Whenever you visited her you found my mother in either of those two places. If she was in the kitchen, she was doing anything from canning tomatoes to peeling fruit to shelling walnuts to baking pies to making spring rolls to stirring fried rice - whatever culinary opportunity the seasons and the market afforded her.

This time of year, it was cookies. Boxes and boxes of Christmas cookies. Way too much cookies. The inventory would tower in the back room, tall as a man stands, seemingly inexhaustible. The cookies were as varied as they were uncountable. They weren’t just delicious, they were elegantly crafted and visually pleasing. She would wrap them up in decorative trays or tins and give them to me to run next door and give to the neighbors - even the family that hated us. To her, it was the right thing to do; our bounty - however meager at times - was meant to be shared. There was always a plate for a stranger, and there was always room for seconds. It taught us all about giving something real of oneself for the benefit and delight of others. If you want to hear another funny story, ask my friend Ken what happens if you refused seconds.
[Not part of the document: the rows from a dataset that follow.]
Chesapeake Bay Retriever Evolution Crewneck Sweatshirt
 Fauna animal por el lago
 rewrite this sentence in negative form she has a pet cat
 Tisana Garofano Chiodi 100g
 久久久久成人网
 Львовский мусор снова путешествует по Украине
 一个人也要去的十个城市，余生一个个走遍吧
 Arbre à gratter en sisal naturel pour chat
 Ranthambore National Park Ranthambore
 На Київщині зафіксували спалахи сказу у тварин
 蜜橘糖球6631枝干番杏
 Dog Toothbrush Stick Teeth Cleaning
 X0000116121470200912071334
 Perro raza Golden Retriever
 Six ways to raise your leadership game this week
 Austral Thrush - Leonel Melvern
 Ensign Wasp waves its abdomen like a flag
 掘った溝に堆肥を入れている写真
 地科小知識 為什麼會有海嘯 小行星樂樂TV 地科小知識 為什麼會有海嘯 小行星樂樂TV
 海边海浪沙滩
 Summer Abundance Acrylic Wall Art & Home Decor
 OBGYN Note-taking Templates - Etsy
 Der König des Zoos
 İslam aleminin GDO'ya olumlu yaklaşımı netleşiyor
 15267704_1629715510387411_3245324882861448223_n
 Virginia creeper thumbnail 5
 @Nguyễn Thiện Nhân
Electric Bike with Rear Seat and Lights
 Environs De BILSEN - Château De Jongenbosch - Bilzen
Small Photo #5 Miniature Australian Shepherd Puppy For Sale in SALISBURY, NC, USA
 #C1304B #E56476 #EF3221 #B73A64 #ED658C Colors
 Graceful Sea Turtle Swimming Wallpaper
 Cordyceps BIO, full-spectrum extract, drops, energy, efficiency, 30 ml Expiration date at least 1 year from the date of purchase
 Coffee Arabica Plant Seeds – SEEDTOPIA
If Mom was in the garden, she was hard at work weeding, culling, planting, harvesting - doing the neverending, regular, necessary chores to keep the garden verdant and productive. It was more a genuine passion than a vanity, yet it is no stretch to say the garden grew famous. When explaining where we lived, I only had to say, “The house on Bailey Road with all the flowers”. One time at school in Oswego I was watching the evening news when I noticed the background for the weather report looked familiar - it was a video of my mother’s garden - tulips swaying in the April wind. Something called her to grow things. It bred in us the sense that good things come from hard work and patience and require constant upkeep - things like gardens, children, home. Love.

Mom had many other talents as well. She could draw, paint, and sew. Her portfolio from a high school design class lives to this day and is full of flawlessly executed assignments on proportion and aesthetics. Paintings she did in Taiwan show her ability in Chinese style brushwork. The clothes she made for us looked finely tailored.

She loved to read. At the lake, where we rented a cabin for a week or two, you would find her underneath a tree on the patio burning through a romance novel or some nonfiction work like Mary, Queen of Scots.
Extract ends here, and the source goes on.